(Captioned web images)
---

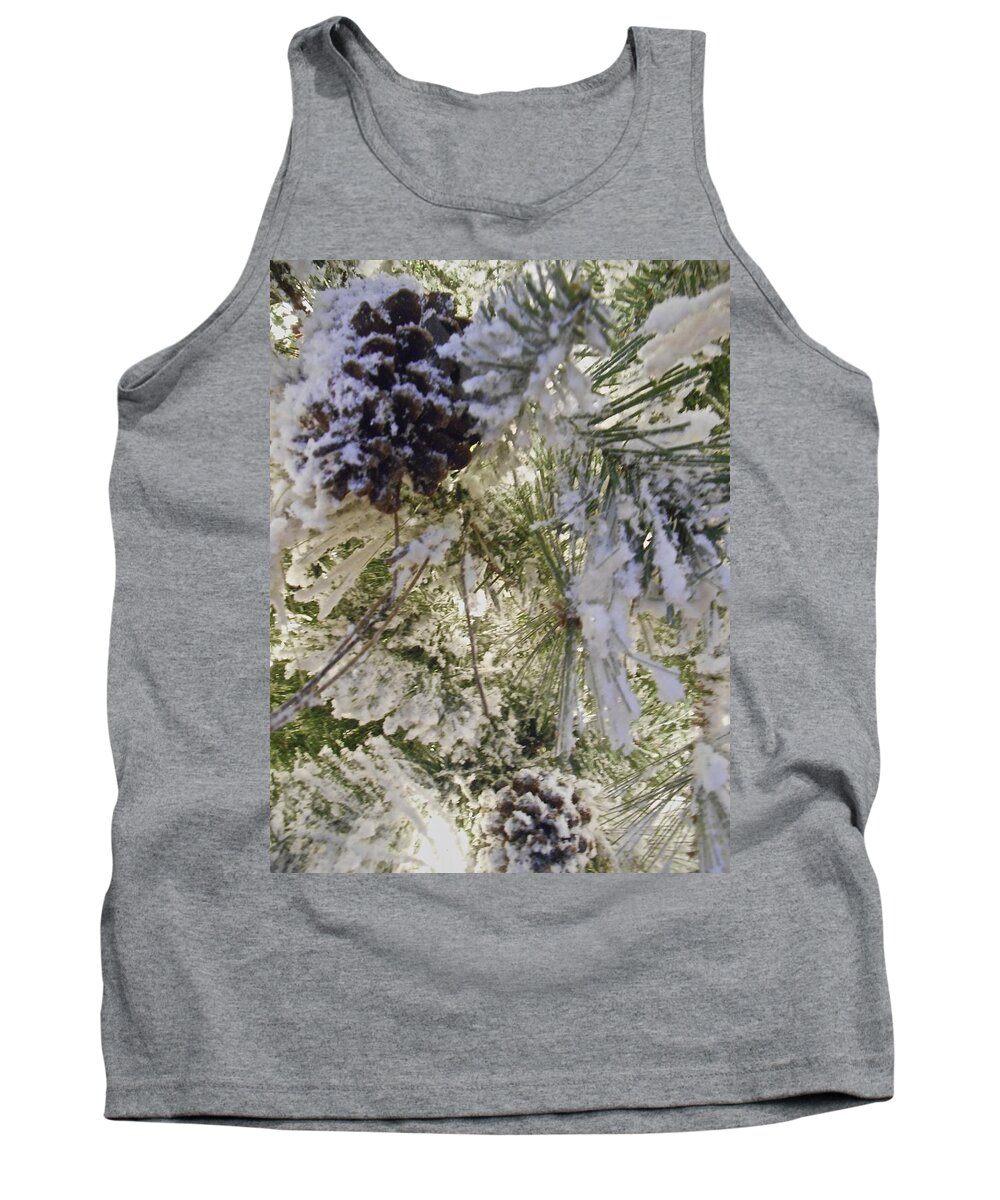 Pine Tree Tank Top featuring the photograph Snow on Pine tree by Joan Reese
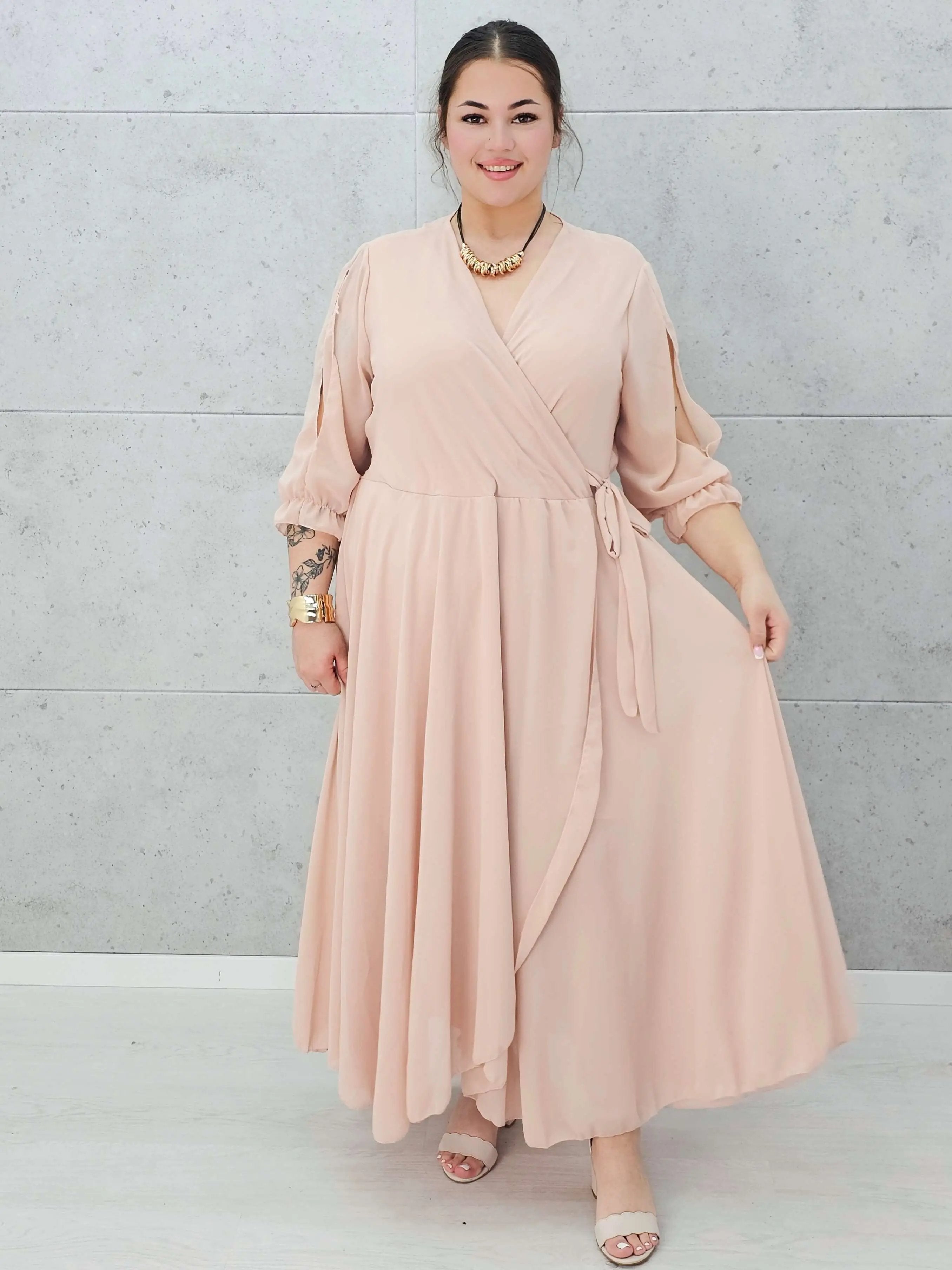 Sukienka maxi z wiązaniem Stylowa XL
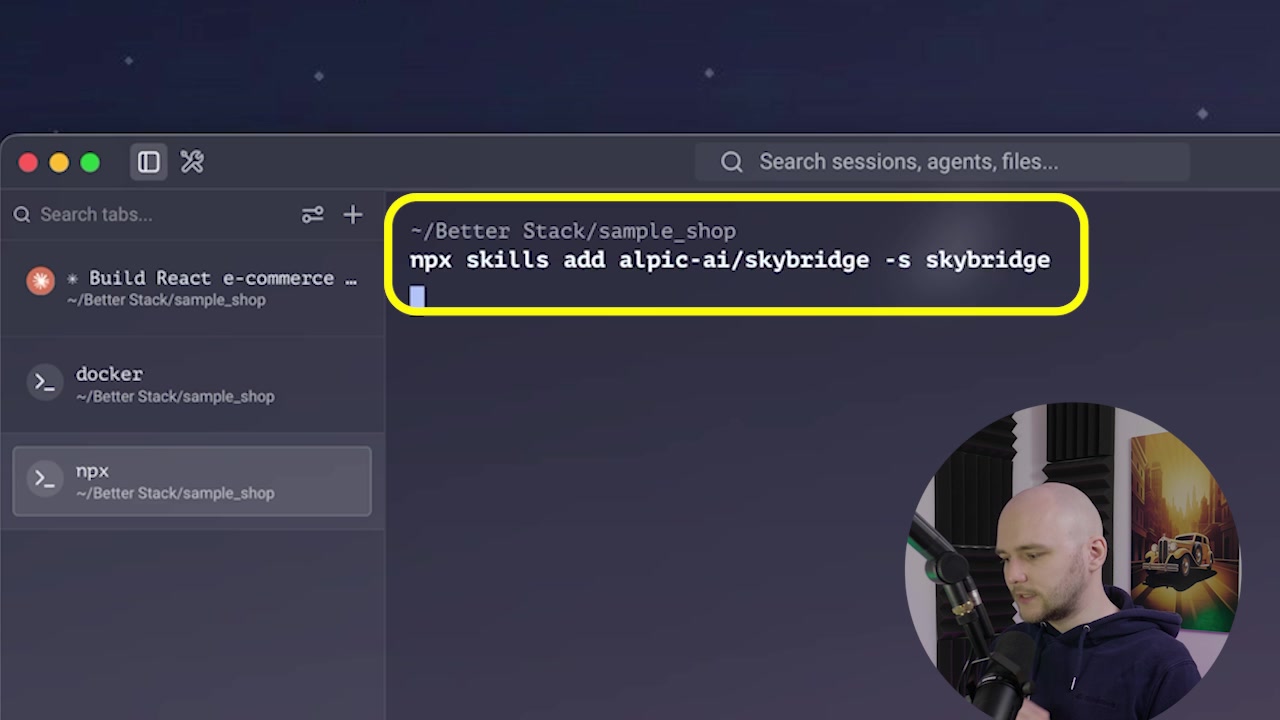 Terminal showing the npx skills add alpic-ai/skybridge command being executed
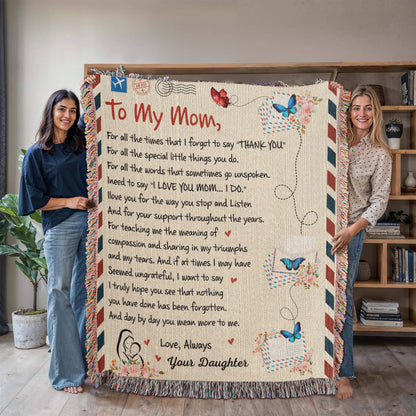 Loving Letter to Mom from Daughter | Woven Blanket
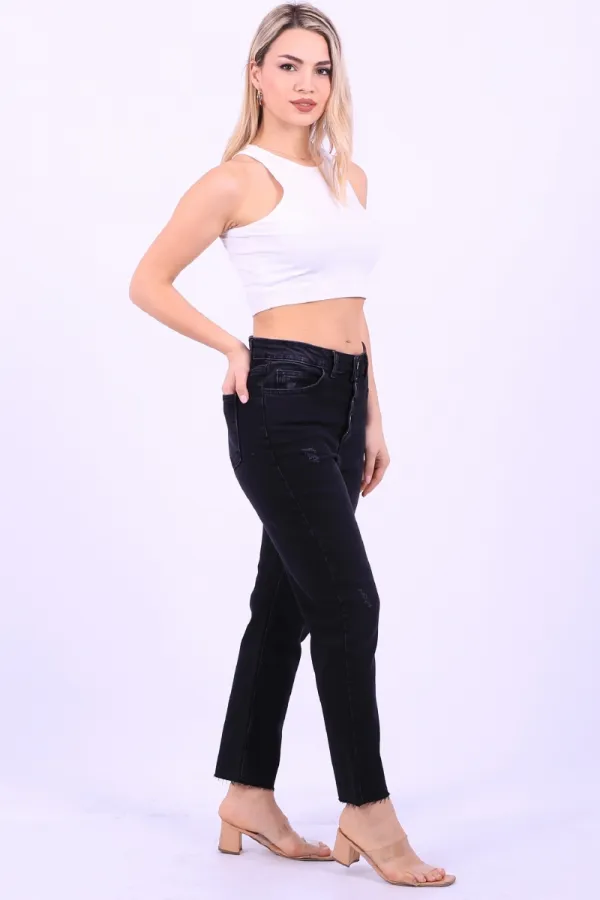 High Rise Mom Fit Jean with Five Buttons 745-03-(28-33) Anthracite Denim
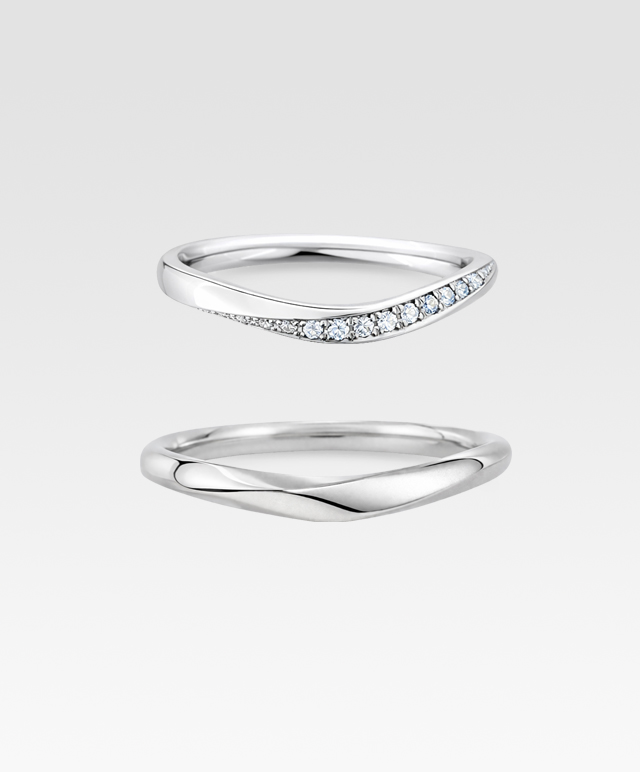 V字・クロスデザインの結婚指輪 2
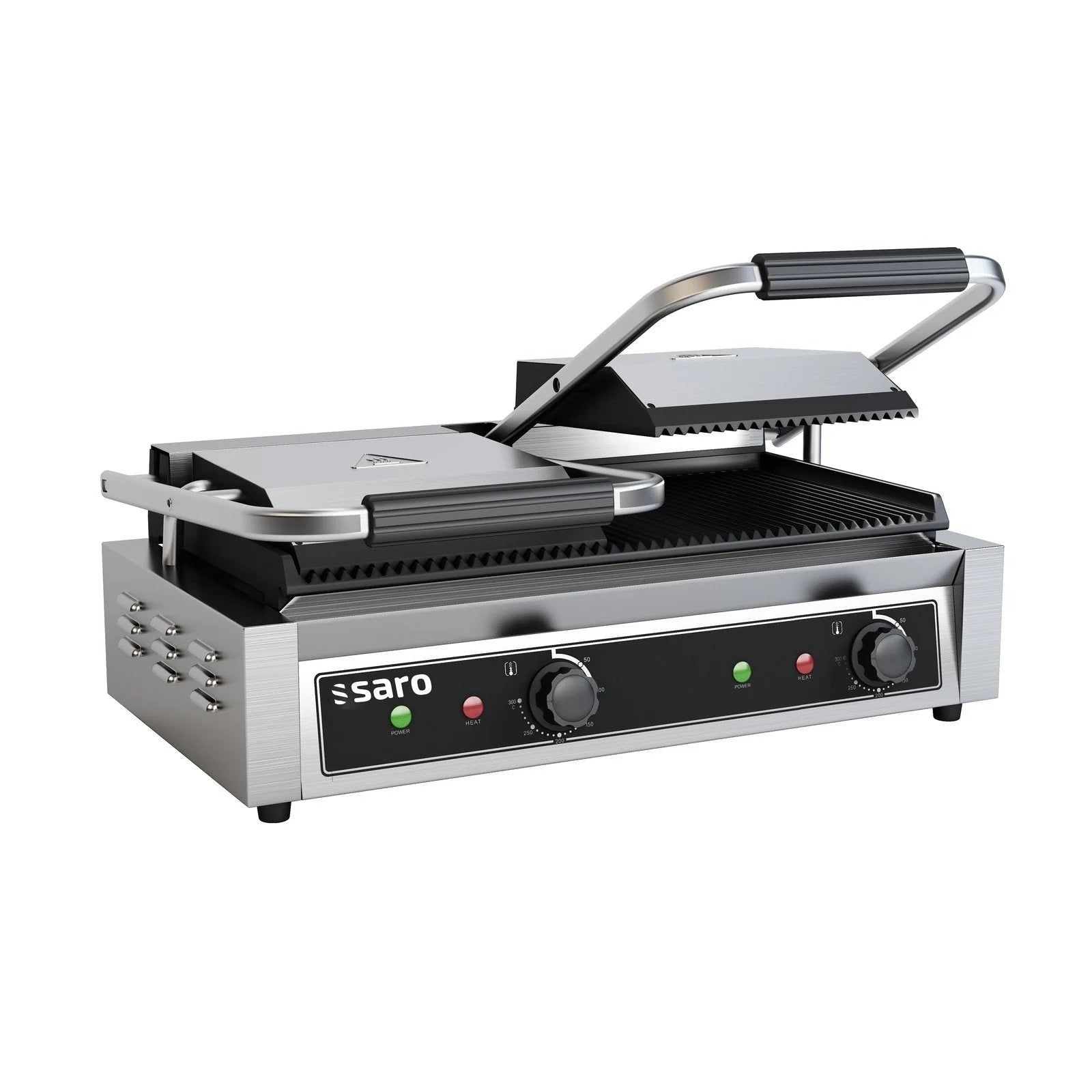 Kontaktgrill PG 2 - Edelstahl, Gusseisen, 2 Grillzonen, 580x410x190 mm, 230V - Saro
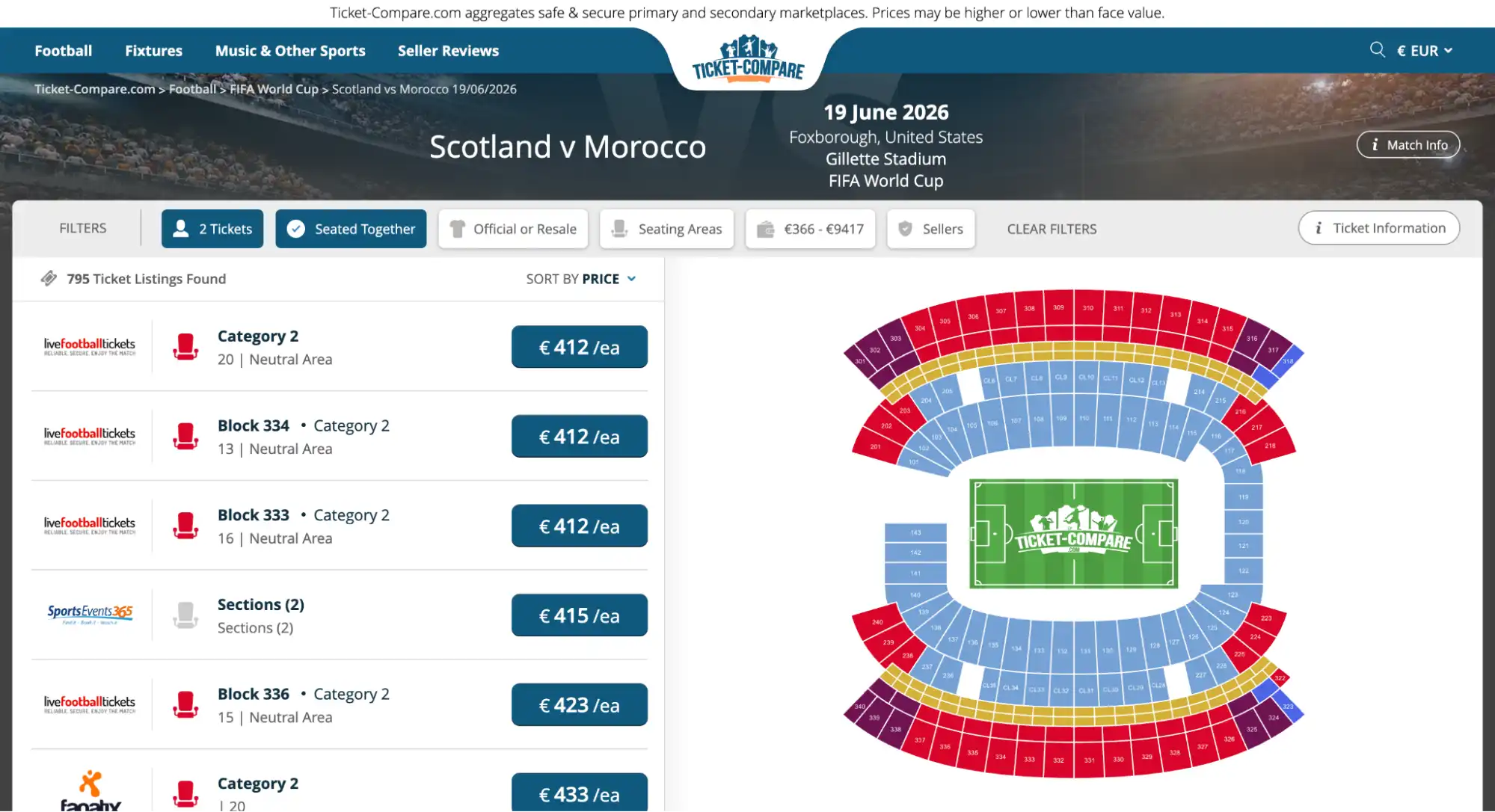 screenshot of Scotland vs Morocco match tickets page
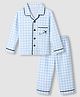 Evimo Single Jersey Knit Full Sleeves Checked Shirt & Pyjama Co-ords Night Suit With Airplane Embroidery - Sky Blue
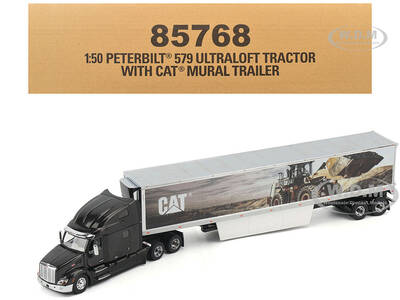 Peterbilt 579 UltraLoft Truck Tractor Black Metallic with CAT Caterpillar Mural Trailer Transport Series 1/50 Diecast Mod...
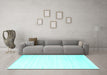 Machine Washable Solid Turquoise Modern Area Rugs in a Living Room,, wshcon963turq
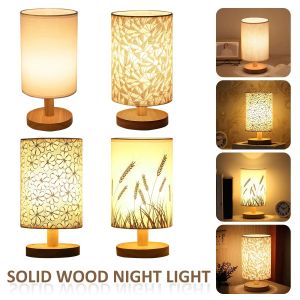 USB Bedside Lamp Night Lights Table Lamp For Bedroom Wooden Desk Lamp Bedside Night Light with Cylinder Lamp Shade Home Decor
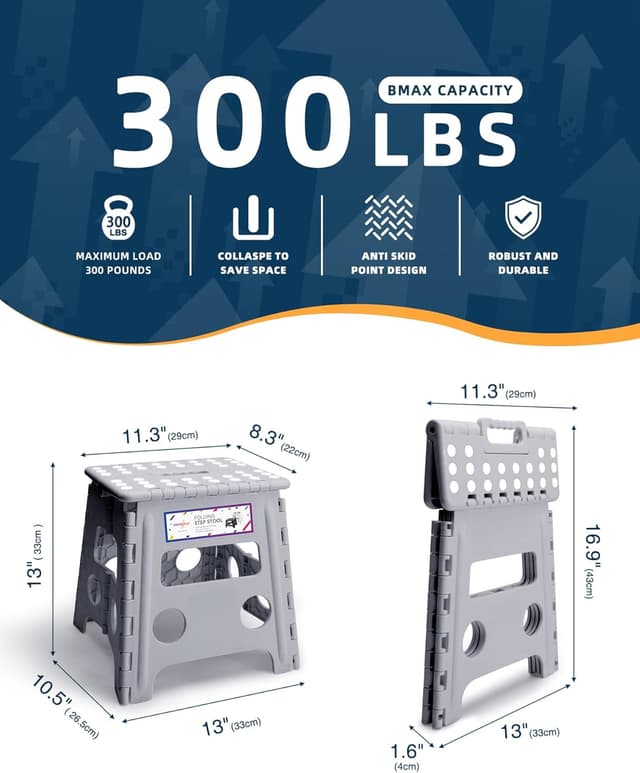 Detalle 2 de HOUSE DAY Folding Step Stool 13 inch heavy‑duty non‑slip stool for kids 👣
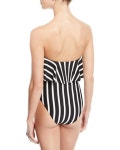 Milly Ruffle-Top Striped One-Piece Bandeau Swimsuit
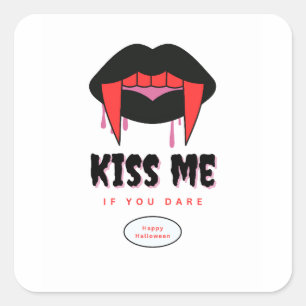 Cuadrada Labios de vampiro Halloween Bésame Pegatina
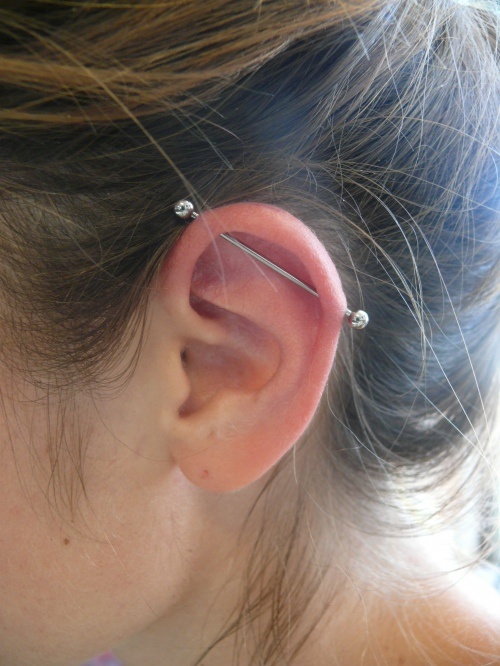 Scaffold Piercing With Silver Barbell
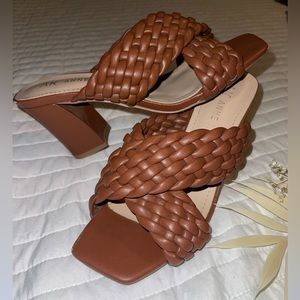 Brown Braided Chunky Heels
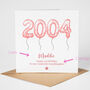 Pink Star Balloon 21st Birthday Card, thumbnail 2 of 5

---

- Activity -
The task requires that every line above be transcribed exactly, without the images.

- Answer section -
 Pine Tree Tank Top featuring the photograph Snow on Pine tree by Joan Reese
 Sukienka maxi z wiązaniem Stylowa XL
 Terminal showing the npx skills add alpic-ai/skybridge command being executed
 Loving Letter to Mom from Daughter | Woven Blanket
 High Rise Mom Fit Jean with Five Buttons 745-03-(28-33) Anthracite Denim
 V字・クロスデザインの結婚指輪 2
 Kontaktgrill PG 2 - Edelstahl, Gusseisen, 2 Grillzonen, 580x410x190 mm, 230V - Saro
 screenshot of Scotland vs Morocco match tickets page
 Evimo Single Jersey Knit Full Sleeves Checked Shirt & Pyjama Co-ords Night Suit With Airplane Embroidery - Sky Blue
 Peterbilt 579 UltraLoft Truck Tractor Black Metallic with CAT Caterpillar Mural Trailer Transport Series 1/50 Diecast Mod...
 Machine Washable Solid Turquoise Modern Area Rugs in a Living Room,, wshcon963turq
 USB Bedside Lamp Night Lights Table Lamp For Bedroom Wooden Desk Lamp Bedside Night Light with Cylinder Lamp Shade Home Decor
 Detalle 2 de HOUSE DAY Folding Step Stool 13 inch heavy‑duty non‑slip stool for kids 👣
 Milly Ruffle-Top Striped One-Piece Bandeau Swimsuit
 Cuadrada Labios de vampiro Halloween Bésame Pegatina
 Scaffold Piercing With Silver Barbell
 Brown Braided Chunky Heels
 Pink Star Balloon 21st Birthday Card, thumbnail 2 of 5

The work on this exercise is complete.